Otto Giesselmann, *1904 Bielefeld, am 22.9.1944 in Dortmund hingerichtet, Metallschleifer, Funktionär der KPD, Hochverratsanklage; Mellerstraße 27;
Wilhelm Ebert, *1897 Wanne-Eikel; 21.2.1945, im KZ Mauthausen ermordet; KPD; Verfahren wegen Hochverrates; Bleichstraße 205 b;
Albert Gödde, * 1900 Bielefeld; am 22.1.1943 in Auschwitz ermordet; KPD; Rundfunkverbrechen, Hochverrat; Friedrichstraße 35;
Gustav Milse, * 1885 Altenhagen, am 22.9.1944 in Dortmund hingerichtet, Metallarbeiter, KPD, DMU, Anklage wegen Hochverrats; Kammeratsheide 16;
Berhard Putjenter, *1888, am 15.9.1944 in Dortmund hingerichtet, Lagerist, KPD; Anklage wegen Hochverrats; Brandenburgerstraße 27;
Friedrich Wolgast, *31.7.1901 Herdecke, am 15.9.1944 in Dortmund hingerichtet, Galvaniseur, DMU, SPD-nah; Anklage wegen Hochverrats; Wittekindstraße 53.

Die Stolpersteine für sie werden Lehrlinge des Handwerkerbildungszentrums verlegen.

Seit gestern erinnern Stolpersteine außerdem an Hans Metz, *21.9.1875 in Minden und am 17.3.1943 ins Ghetto Theresienstadt deportiert, dort am 12.8.1943 verstorben und nicht vergast; Detmolderstraße 4;
Moritz Wisbrun, *19.1.1855 Steinhagen/Westf.; Matilde Wisbrun, geb. Tuteur, *27.11.1867 Bad Dürkheim; beide am 31.7.1942 nach Theresienstadt deportiert; Todesdatum unbekannt (1942/1943); Hauptstraße, Brackwede.

Im Mai 2005 hat Gunther Demnig die ersten zehn Steine auf Initiative von Eva Hartog und Dr. Christine Biermann verlegt. Erinnert wurde damals auch an Josefa Metz, deren Elternhaus an der Detmolder Straße 4 stand. Es folgten weitere Aktionen: Im März 2006 wurden drei Steine verlegt, am 17. August 2006 acht Steine, am 30. Oktober 2006 zehn, am 14. März 2007 sechs und am 14. November 2007 elf Steine. Bis Ende März 2009 werden es insgesamt 61 Stolpersteine sein.

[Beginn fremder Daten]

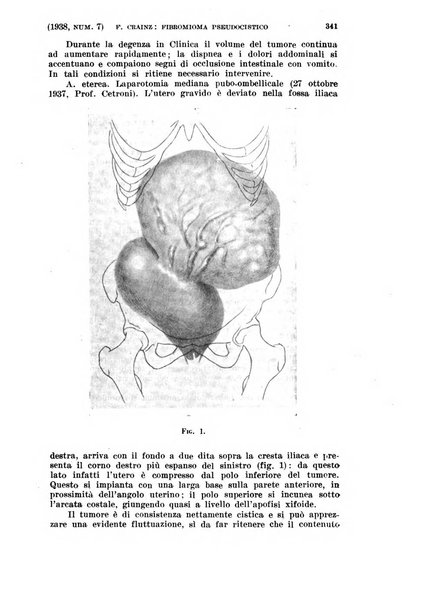 La clinica ostetrica rivista di ostetricia, ginecologia e pediatria. - A. 1, n. 1 (1899)-a. 40, n. 12 (dic. 1938)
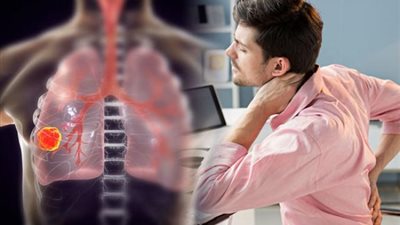 تعرفي على أسهل طريقة لعلاج سرطان الرئة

Bildunterschrift: Auftakt der Stolpersteinaktion 2009 mit Gunther Demnig (vorne, Mitte) am Kusenweg. Mit dabei: Pfarrer Hans Heinrich Bock, Irmgard Horstbrink, Eva Hartog, Andreas Rüther, Hartwig Kindsgrab, Dr. Christine Biermann, Werner Maluk, Egon Bökhaus, Paul-Gerhard Minner, Gerd Pottmann, Werner Schmidt sowie Schüler der Laborschule. Insgesamt vier Stolpersteine sind neben der Haltestelle Niewaldstraße eingelassen.